Question de rentabilité
Cinquante-sept logements étaient occupés, fin août, sur les 80 qu'offre la résidence. Pas suffisant pour les actionnaires du groupe français Pierre Val que notre équipe de reportage avait pu joindre, à l'époque, par téléphone. Les loyers ne couvraient plus les charges depuis 2021, d'où la décision de fermeture. Les appartements ont donc été ouverts à la location dès la fin de l'été, pour tout profil de locataire, y compris étudiants.
Pour ce résident croisé à la sortie de l'établissement, le constat était sans appel :
C'était pas si mal que ça, mais on sentait bien que ça se dégradait... Déjà, les repas n'étaient pas très suivis... C'était pas trop bien de temps en temps, quoi ! Moi, j'ai pris les devants, j'ai cherché ailleurs et j'ai trouvé.

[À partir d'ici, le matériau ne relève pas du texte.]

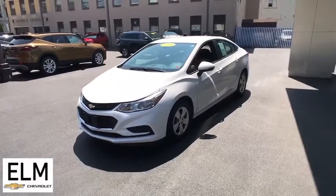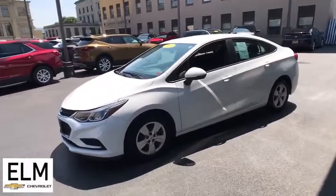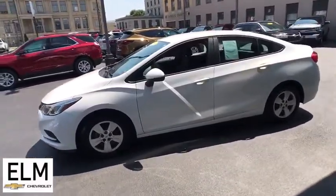We are pleased to show you a 2016 Chevrolet Cruze. The Cruze Blueprint calls for more than you'd expect. This vehicle has less than 15,000 miles.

Daniel PenotRésident depuis trois ans, sur le départ fin août 2024
Et depuis notre reportage ?
Daniel Penot, a, selon nos informations, très rapidement rejoint une autre structure adaptée pour les séniors. En cette fin octobre, 90% des résidents auraient trouvé une solution de relogement. Trois personnes ont décidé de rester dans la structure en faisant appel à des services extérieurs pour aider au quotidien. Il resterait, à l'heure où nous publions ces lignes, moins de dix résidents en attente de solution.
Nous avons également appris que le groupe français Pierre Val n'était plus propriétaire de la structure depuis le 1ᵉʳ octobre. Le site a été racheté par le groupe Obéo Zenao, un groupe qui gère des logements dans plusieurs villes de France. La marque Obéo est en charge de la partie "résidences sénior" du groupe et Zenao de la commercialisation de la partie "apparts hôtels". Contactée, la direction évoque un secteur extrêmement concurrentiel sur Limoges avec huit établissements de ce type. Au 1ᵉʳ janvier, elle confirme une orientation de ces logements pour tout public.
Toujours selon nos informations, les licenciements des personnels soignants de la structure sont en cours.
Une autre résidence pour séniors de Limoges menacée
Le modèle de la résidence pour séniors est-il menacé ?
À Limoges, que va devenir la résidence services pour personnes âgées appartenant au groupe Les Girandières ? Le groupe national est en effet convoqué devant le tribunal de commerce de Paris le 4 novembre prochain. Depuis juin, la branche sénior du groupe "Réside Études Senior" est, en effet, en redressement judiciaire.
Contacté, le groupe, via son service communication à Paris, nous explique être en attente de l'audience. 72 résidences sont concernées sur le territoire français, notamment dans Les Landes, ce qui représente 1300 à 1400 salariés. Plusieurs offres de reprise ont été déposées et pourraient laisser un espoir de pérennité aux structures existantes. Celle de Limoges, créée en 2022, dispose de vingt-deux appartements occupés et de onze salariés.
Le groupe rappelle que seule la partie senior est menacée et concernée par la procédure de redressement judiciaire. Les sections "résidence étudiantes" et "appart hôtel" de la marque sont en procédure de sauvegarde. Pour expliquer les difficultés rencontrées par cette branche spécifique des personnes âgées, il évoque un problème de rentabilité "beaucoup plus longue, plus lente que sur l'activité étudiante et appart hôtel. Le marché est beaucoup plus long à être rentable".
En effet, l'engagement des familles et des personnes âgées dans ce type de structure est globalement plus long, et les résidences auraient besoin de plusieurs années pour parvenir à un taux de remplissage de 100%, ce qui ne serait pas le cas dans les structures dédiées aux étudiants.
À noter aussi le coût de ce type de logements : ces résidences sont accusées d'être plus chères qu'une maison de retraite.